Model comparison with intractable likelihood using approximate Bayesian Computation I have some models based on stochastic differential equations (SDEs). Because of the definition of these models, I can simulate data, but I cannot compute the likelihood function / distribution function. Therefore, I currently plan to use approximate Bayesian computation (ABC) to fit the parameters of these models.
However, I also need a method to compare different SDEs, which are currently discussed as possible explanations of the data, while accounting for the complexity of the parameters. Normally, I would compare these models based on DIC, LOOIC etc, but all these require the likelihood to be known.
Is there any method for comparing the model complexity, if the likelihood is unknown?
The only way I could think that might work, is to use a Bayesian model selection (i.e. using a categorial variable to switch between the models), but I am not sure if this would work at all.
 A: There are examples in the ABC literature of model selection through Bayes factors. An ecological individual based model example is here:
https://doi.org/10.1016/j.ecolmodel.2017.07.017
The paper involves picking between models of different complexity so hopefully it will be useful even if it doesn't deal with SDEs directly.

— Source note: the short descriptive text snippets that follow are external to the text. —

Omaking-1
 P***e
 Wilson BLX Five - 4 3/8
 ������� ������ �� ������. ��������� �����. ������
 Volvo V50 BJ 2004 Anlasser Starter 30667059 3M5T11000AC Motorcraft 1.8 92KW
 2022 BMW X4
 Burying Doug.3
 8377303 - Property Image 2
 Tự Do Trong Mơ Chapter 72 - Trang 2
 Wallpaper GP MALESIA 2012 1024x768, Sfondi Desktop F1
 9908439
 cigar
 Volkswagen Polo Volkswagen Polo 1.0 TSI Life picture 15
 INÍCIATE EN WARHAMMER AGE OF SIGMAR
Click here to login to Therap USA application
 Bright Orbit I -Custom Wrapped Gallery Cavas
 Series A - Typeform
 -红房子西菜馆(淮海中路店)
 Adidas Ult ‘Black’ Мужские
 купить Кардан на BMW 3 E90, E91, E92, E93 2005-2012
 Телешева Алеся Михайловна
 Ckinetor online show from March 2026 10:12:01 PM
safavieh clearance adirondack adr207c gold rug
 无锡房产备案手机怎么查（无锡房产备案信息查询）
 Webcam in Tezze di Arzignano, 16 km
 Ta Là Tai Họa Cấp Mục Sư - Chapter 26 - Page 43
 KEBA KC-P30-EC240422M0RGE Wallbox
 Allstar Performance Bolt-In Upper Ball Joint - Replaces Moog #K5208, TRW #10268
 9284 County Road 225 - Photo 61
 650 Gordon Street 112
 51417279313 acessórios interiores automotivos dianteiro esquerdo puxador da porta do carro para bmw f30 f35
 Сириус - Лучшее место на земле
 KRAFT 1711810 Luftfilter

However, I should also mention that there are those that think that Bayes factors (or odds ratios or any other kind of Bayesian model selection) is just philosophically unsound. This is an argument for example forcefully stated by Gelman and Shalizi.
http://doi.org/10.1111/j.2044-8317.2011.02037.x
Their argument is that models ought to be judged primarily by their simulation output. Rather than a formula then you ought to come up with a series of model checks where you compare simulation outputs with either data you held out or other features of the data that weren't directly part of the fitting (in your case, since it's ABC, that would mean other summary statistics that were not included in the rejection step).
In my view this gives a much better grip at what the model is good and bad and is a lot more convincing than citing some obscure probability measure.  Of course though, this is a very context-dependent exercise.